EXERCISE GOAL:
Your task is to copy the lines of the data below from the line holding "Moderní konferenční stolek" through the line holding "add Hide Object action", inclusive, exactly and with nothing added.

RECORDS TO USE:
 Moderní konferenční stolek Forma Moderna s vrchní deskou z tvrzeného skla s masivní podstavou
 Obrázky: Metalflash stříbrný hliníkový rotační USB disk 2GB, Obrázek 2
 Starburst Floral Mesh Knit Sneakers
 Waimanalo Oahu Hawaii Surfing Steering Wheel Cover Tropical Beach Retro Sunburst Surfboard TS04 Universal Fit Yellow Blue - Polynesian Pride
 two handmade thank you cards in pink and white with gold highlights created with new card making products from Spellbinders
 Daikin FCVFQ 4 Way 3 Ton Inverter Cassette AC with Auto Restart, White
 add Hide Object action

* * *

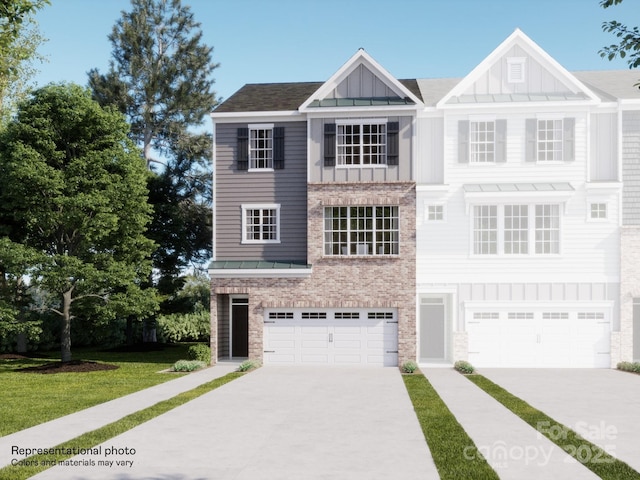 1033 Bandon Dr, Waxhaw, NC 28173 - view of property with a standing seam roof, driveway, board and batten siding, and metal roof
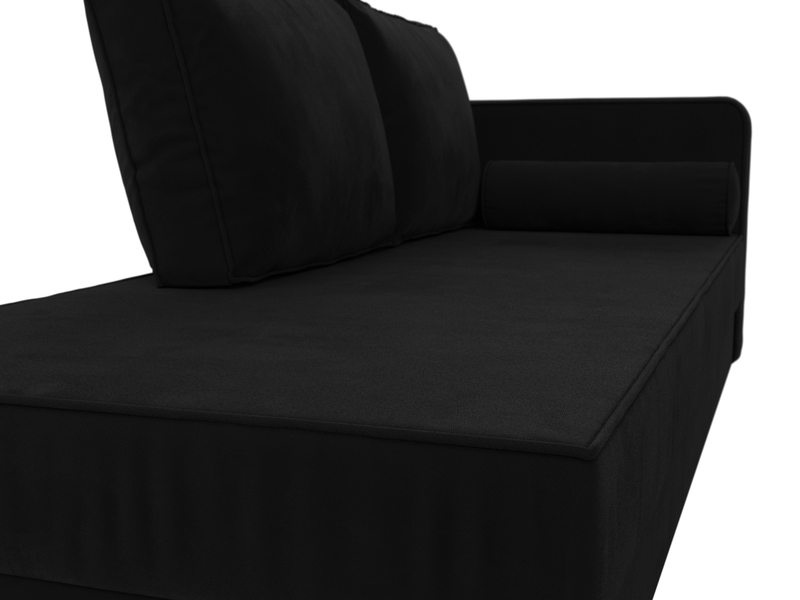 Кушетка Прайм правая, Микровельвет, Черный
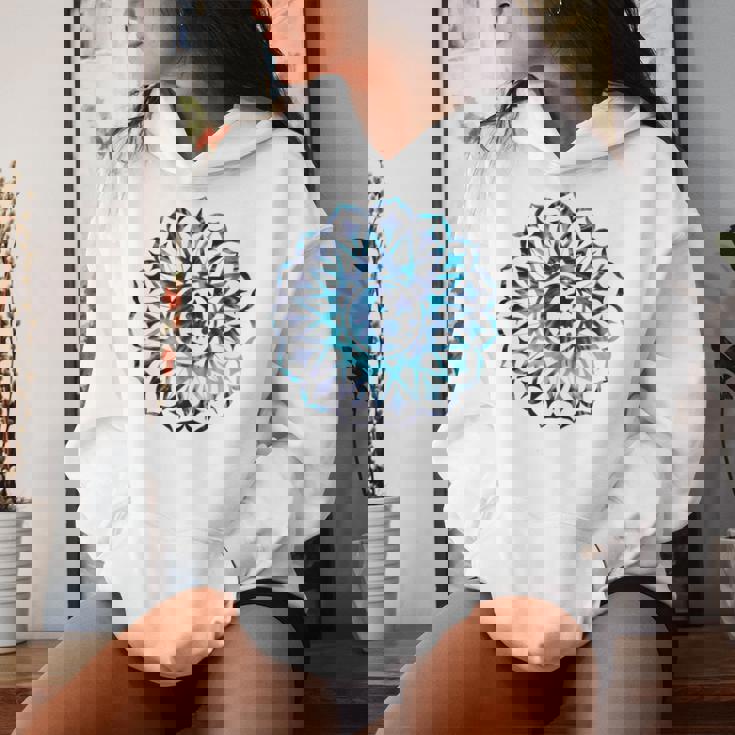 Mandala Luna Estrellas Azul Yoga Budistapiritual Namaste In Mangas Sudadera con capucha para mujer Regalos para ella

TASK OUTPUT:
 Moderní konferenční stolek Forma Moderna s vrchní deskou z tvrzeného skla s masivní podstavou
 Obrázky: Metalflash stříbrný hliníkový rotační USB disk 2GB, Obrázek 2
 Starburst Floral Mesh Knit Sneakers
 Waimanalo Oahu Hawaii Surfing Steering Wheel Cover Tropical Beach Retro Sunburst Surfboard TS04 Universal Fit Yellow Blue - Polynesian Pride
 two handmade thank you cards in pink and white with gold highlights created with new card making products from Spellbinders
 Daikin FCVFQ 4 Way 3 Ton Inverter Cassette AC with Auto Restart, White
 add Hide Object action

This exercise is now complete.